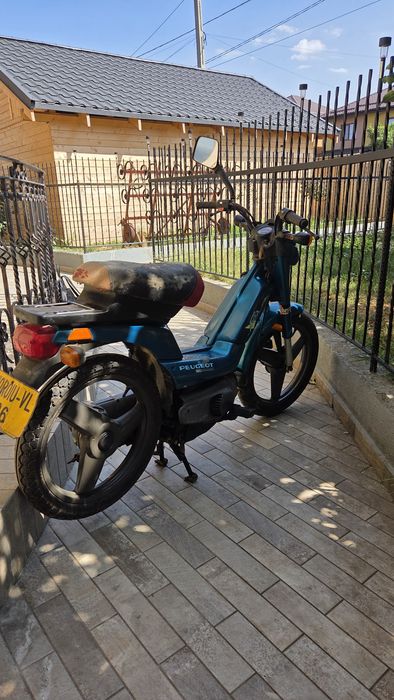 Vând Peugeot Fox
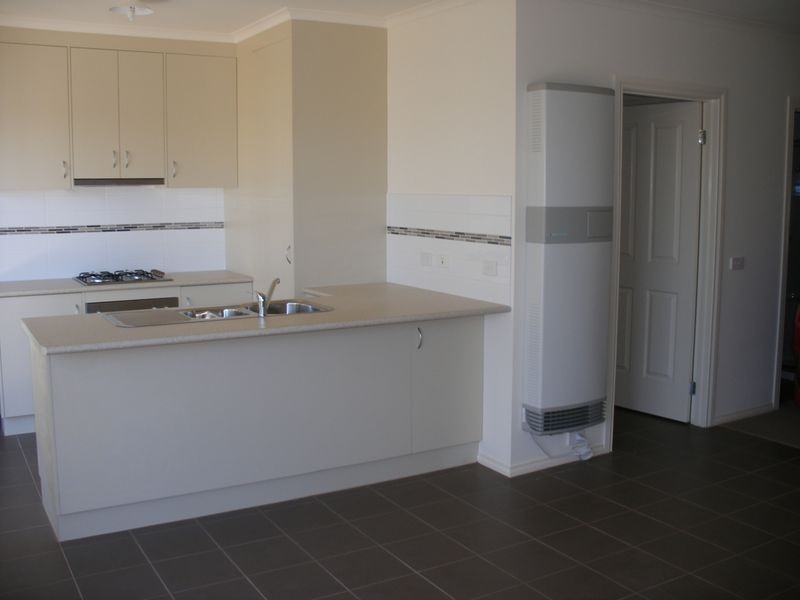 4/103 Army Road, Pakenham VIC 3810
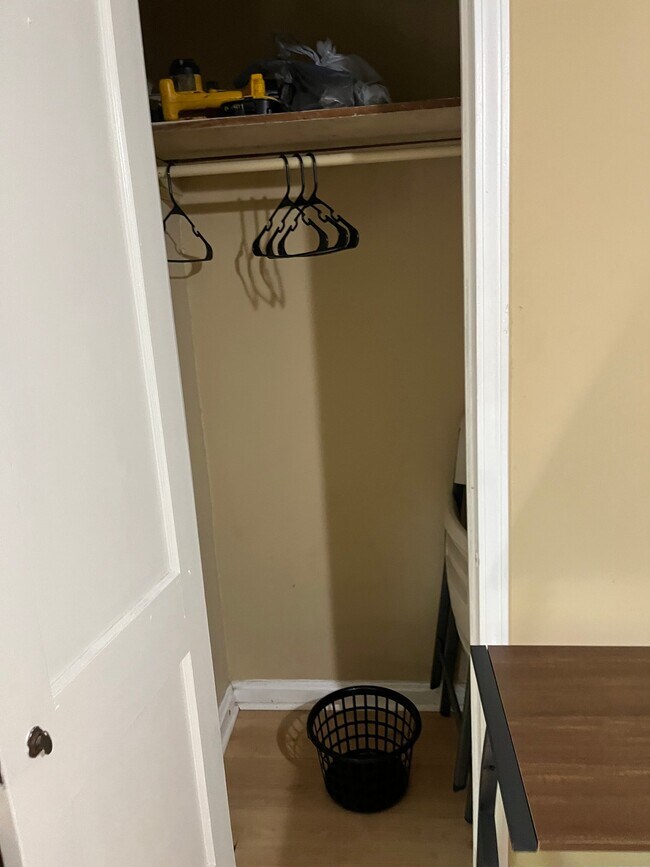 Photo - 1045 Ontario St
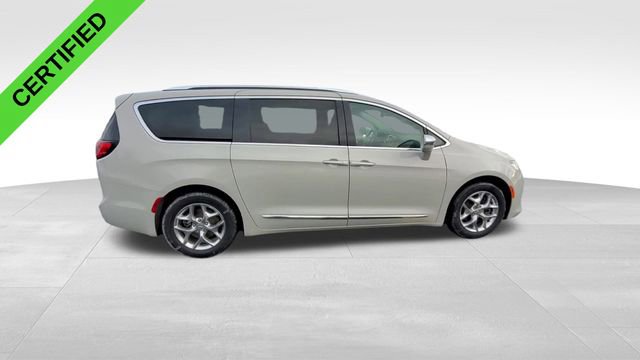 Used 2019 Chrysler Pacifica Limited image 10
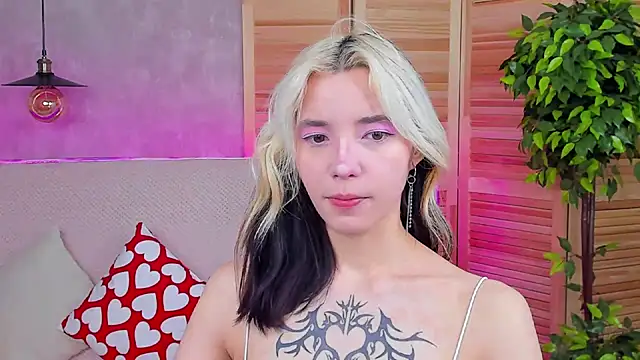 Snapshot of as1an_girlfriend chatting on 03/11/25, 03:26 as1an girlfriend online show from 03/11/25, 03:26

What to do:
Each entry above should be copied exactly. The pictures should not.

Solution to the exercise:
 Vând Peugeot Fox
 4/103 Army Road, Pakenham VIC 3810
 Photo - 1045 Ontario St
 Used 2019 Chrysler Pacifica Limited image 10
 Snapshot of as1an_girlfriend chatting on 03/11/25, 03:26 as1an girlfriend online show from 03/11/25, 03:26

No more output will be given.